Une sanction politique qui dépasse le terrain
Ce choix politique a provoqué une vive indignation dans les médias internationaux. Selon L’Équipe, seuls les joueurs haïtiens et leurs proches pourront entrer aux États-Unis dans le cadre de l’exception sportive ; les supporters resteront interdits.
Pour beaucoup, cette exclusion est perçue comme un acte d’injustice : alors que la FIFA, par la voix de son président, Gianni Infantino, a insisté que « tous les fans sont les bienvenus » pour la Coupe du monde, la politique américaine contredit fortement ce message inclusif.
Des organisations comme Human Rights Watch ont alerté sur l’impact de cette mesure, soulignant que si les athlètes sont exemptés, « tous ou presque tous les spectateurs » originaires des pays interdits seraient bloqués.
Quelles stratégies pour la Fédération haïtienne (FHF) ?
Face à cette situation, plusieurs pistes peuvent être envisagées :
1. Dialogue diplomatique et sportif
La Fédération haïtienne de football (FHF) pourrait formaliser des échanges avec la FIFA et la CONCACAF pour plaider la cause des supporters. Il s’agirait de souligner l’importance de la mobilisation des fans comme vecteur d’unité nationale et de pression politique, et d’explorer des solutions concrètes.

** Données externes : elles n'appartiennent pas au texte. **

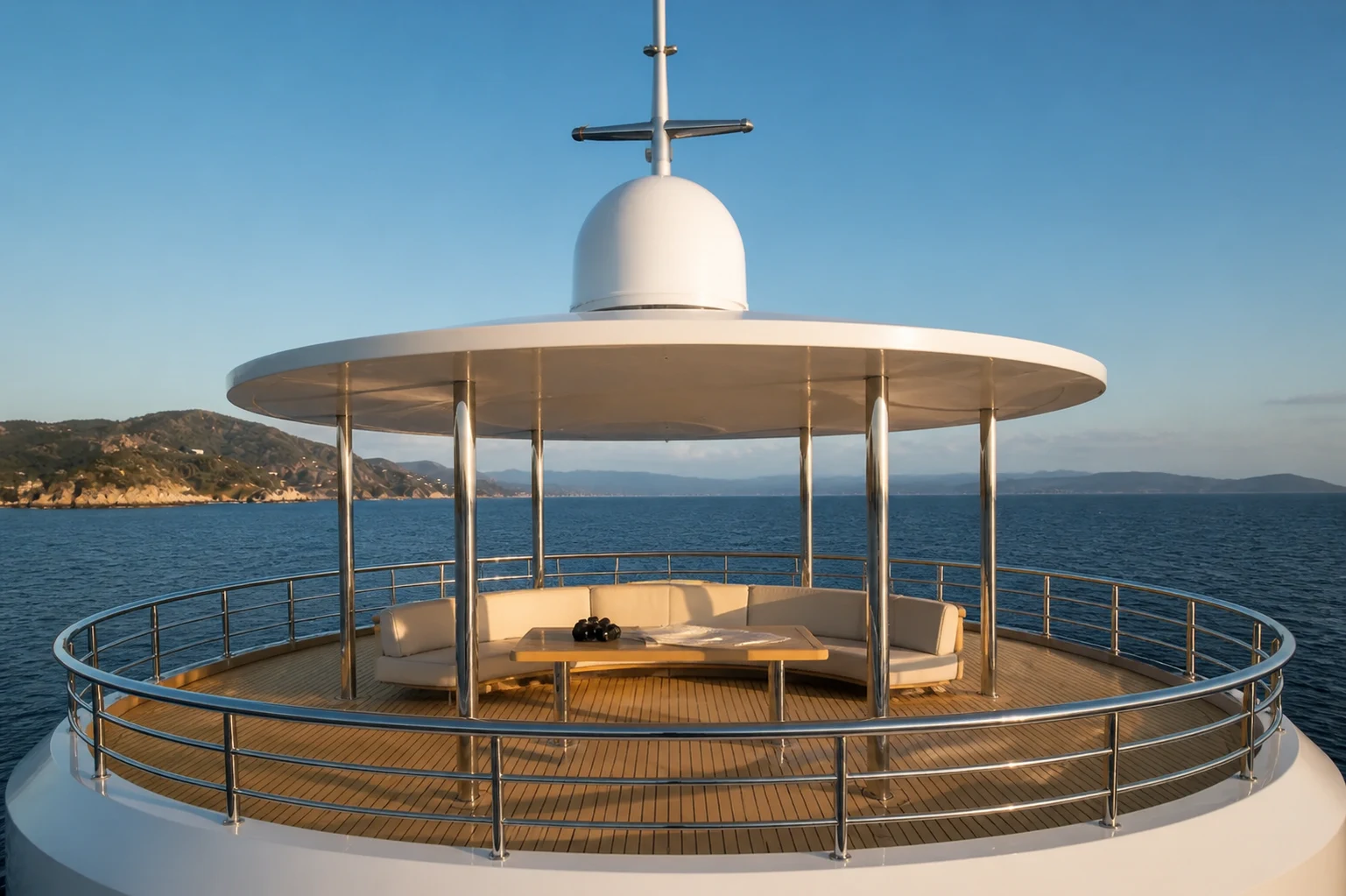 Open observatielounge onder de ronde canopy van het sundeck van AURELIA 67.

2. Modification des lieux de match
Une proposition crédible serait de demander que certains matchs de phase de groupes des Grenadiers soient délocalisés vers des stades au Mexique ou au Canada, où les supporters haïtiens pourraient plus facilement se rendre. Cette option garantira une affluence haïtienne significative dans les tribunes et un soutien populaire visible.
3. Recours diplomatique
Parallèlement au dialogue sportif, la FHF pourrait mobiliser les canaux diplomatiques haïtiens – Ministères des Affaires Étrangères, Ambassade haïtienne à Washington – pour faire pression. Il pourrait être demandé aux autorités américaines d’ajuster la politique de visa ou de créer une exception spécifique pour les supporters dans le cadre de la Coupe du monde.

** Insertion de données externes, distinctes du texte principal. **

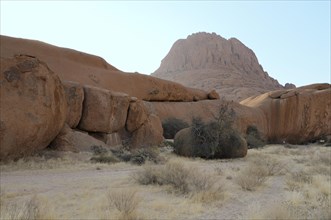 Rock formations and Great Spitzkoppe Mountain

4. Mobilisation médiatique et internationale
En s’appuyant sur les médias internationaux et les organisations de défense des droits humains, la FHF peut porter cette cause devant l’opinion publique. Une campagne de sensibilisation pourrait mettre en lumière l’écart entre les principes de la FIFA (inclusion, universalité) et la réalité politique imposée par cette restriction.
Pourquoi est-ce essentiel ?
Le football n’est pas qu’un jeu ; pour de nombreux haïtiens , il incarne l’espoir, l’appartenance et la fierté nationale. Priver les supporters de vivre cette Coupe du monde dans les stades revient à restreindre une célébration collective. C’est une question d’identité, pas seulement de sport.
En plus, un mouvement organisé et bien argumenté pourrait faire pression non seulement sur les instances sportives, mais aussi sur les décideurs politiques américains. Il ne s’agit pas simplement d’un caprice : c’est une question de dignité pour des centaines de milliers de fans haïtiens .
La qualification historique des Grenadiers pour la Coupe du monde 2026 est un moment de grâce pour Haïti. Mais si les autorités haïtiennes ne réagissent pas avec détermination, la politique migratoire américaine pourrait transformer ce triomphe en frustration. La Fédération haïtienne a désormais une responsabilité cruciale : défendre le rêve de ses supporters, non seulement sur le terrain, mais aussi sur le plan diplomatique.